This organization was founded under the leadership of Revs. John Wolfe and G. S. Latimer (of Kansas and Nebraska) and Rev. T. C. Ferguson (of Missouri). These men had been part of the Northern General Conference but chose not to take part in the merger of that body with the Northern Baptists in 1910-11. Being left without a broad denominational organization, they determined to begin a new one that would preserve the Free Will Baptist heritage. In the fall of 1915, Wolfe and Latimer visited the Missouri State Association and recommended the new organization. The recommendation was received warmly.
At the Philadelphia FWB Church near Pattonsburg, Missouri, then, December 27-31, 1916, the new Cooperative General Association of Free Will Baptists was organized. Delegates from Kansas, Nebraska, Missouri, Texas, and North Carolina participated. An ambitious program was adopted, including plans to found a college and publish a paper.

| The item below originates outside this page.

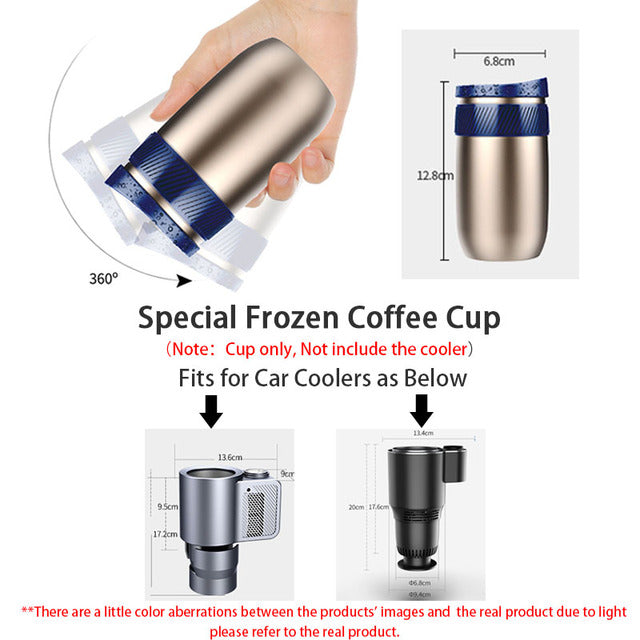 Car Beverage Warmer - SassQuality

The organization was structured to meet regularly every three years, with provision for adjourned sessions in between when needed—a provision that was used at least almost every year. Membership soon grew: associations from Oklahoma, Ohio, West Virginia, and Kentucky were added the next year, and from Illinois, Michigan, and Tennessee in 1918. Indeed, the 1918 session met in Paintsville, Kentucky, and the 1919 session at Cofer’s Chapel in Nashville, Tennessee. As can be seen, the organization included a number of churches that had been part of the Randall movement: at least some of those from Ohio, West Virginia, Kentucky, Illinois, Missouri, Kansas, Nebraska, and Texas. But it also included some whose heritage traces to the Southern movement: Tennessee, Michigan, Oklahoma, and perhaps some of the churches in Missouri.
As the listing of minutes below will show, we do not have minutes for all the sessions of the Cooperative General Association. Anyone who knows where unlisted minutes are is urged to contact the Historical Commission in order to help us complete the record.
It may be that this would have become a true national association for Free Will Baptists, but some whose lineage traced to the Northern Free Will Baptists, like John Wolfe, were unwilling to define washing feet as an established ordinance. As a result, some of the participants, primarily from the Southeast, withdrew and, in 1921, founded their own General Conference.
But some of those involved began to work on a union of these two bodies almost as soon as they came into existence. In 1935, that union was accomplished and the National Association of Free Will Baptists was formed. At first, the National was to meet every three years, with the two uniting bodies—the Cooperative General Association, renamed the Western General Association, and the General Conference, renamed the Eastern General Association—would meet annually in between. But by the second meeting of the National Association in 1938 all agreed that it should meet annually from then on, and the other two bodies ceased to function.